Thanks for your help.
-Lori


----------



## Jon Shafer (Dec 15, 2001)

Lori,

Club Sport is unfortunately not an option in the USA...



As far as the leather goes, I am assuming that is the 
total charge.

I'll let you know if I hear otherwise...


----------



## Alex Baumann (Dec 19, 2001)

Jon Shafer said:


> *All special orders cause a delay in production....
> 
> *


At least six weeks  (that's what I've been told)


----------



## Lori (Sep 21, 2002)

Jon,
Is an M3 too high strung to drive on a daily basis. I have a Grand Marquis for really bad (weather) days and when I need to drive alot of people around but it just seems like a shame to own an M3 and only drive it on Sundays. What do you think about the reliability of the M3?


----------



## Dr. Phil (Dec 19, 2001)

Alex Baumann said:


> *
> 
> At least six weeks  (that's what I've been told) *


Or ~ 126 Prozac :eeps:


----------



## Alex Baumann (Dec 19, 2001)

PM 325xiT said:


> *Or ~ *


..and


----------



## Lori (Sep 21, 2002)

What the heck it that supposed to mean?


----------



## Dr. Phil (Dec 19, 2001)

Alex Baumann said:


> *
> 
> ..and  *


I would say 2 blondes but I do not wish to take Lori's thread off topic 

I think an M3 would hold up as a daily driver, yes it is "strung" a little tighter but per aty it is ok as a driver but as a daily passenger it might get to you after a while.


----------



## Dr. Phil (Dec 19, 2001)

Lori said:


> *What the heck it that supposed to mean? *


I apologize Lori, but as Mr. Baumann has been waiting for *MONTHS* for his individual Alpina it has become a standing joke that his dependence on Prozac has increased over the same time period.

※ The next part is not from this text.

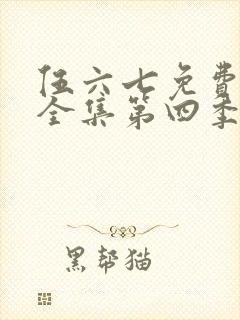 伍六七免费观看全集第四季封面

As Alex noted it would add about 6 weeks to your order.


----------



## Jon Shafer (Dec 15, 2001)

Lori said:


> *Jon,
> Is an M3 too high strung to drive on a daily basis. I have a Grand Marquis for really bad (weather) days and when I need to drive alot of people around but it just seems like a shame to own an M3 and only drive it on Sundays. What do you think about the reliability of the M3? *


Lori...

My $.02 - you don't need an M3 to drive around
with the patented "Silly-Ass Grin" on your face;
a 330Ci, or even a 325Ci will do.

:yikes:


----------



## Lori (Sep 21, 2002)

Well I may be needing the prozac myself if I don't get my car soon. Alocations, special orders, facelifts, Why don't the dealers just get a bunch of nicely equiped (as opposed to bland looking) cars for thier lots and then I would just buy one off the lot. They are all steptronic with grey leather around here. Not that either one is a bad thing I just think the selection on the lot could be better. I change my mind too often to order a car without putting my dealer through hell. And by the time I order all the special colors and options and then install the other OEM mods I might as well get an M3. Ya know?
-Lori


----------



## Lori (Sep 21, 2002)

I definately like the looks of the 330ci better than the M3.


----------



## Mr. The Edge (Dec 19, 2001)

Lori said:


> *I definately like the looks of the 330ci better than the M3. *


----------



## Lori (Sep 21, 2002)

By that I mean to say that I like the 18" wheels on the 330ci and I don't care for the hood bulge on the M3. I do like the gills on the M3 though. Alot!


----------



## MikeW (Dec 20, 2001)

As far as M3s being high strung, haven' they developed a problem with fragging engines. I mean it would be really annoying to have your new $50K+ car throw a piston or two through the hood.


----------



## The HACK (Dec 19, 2001)

MikeW said:


> *As far as M3s being high strung, haven' they developed a problem with fragging engines. I mean it would be really annoying to have your new $50K+ car throw a piston or two through the hood. *


Or blow an oil gasket on a $80K+ car. Happens on Porsches ALL THE TIME. :dunno:

And I really hate to be driving something like a Ferrari F50 or even the Enzo around... 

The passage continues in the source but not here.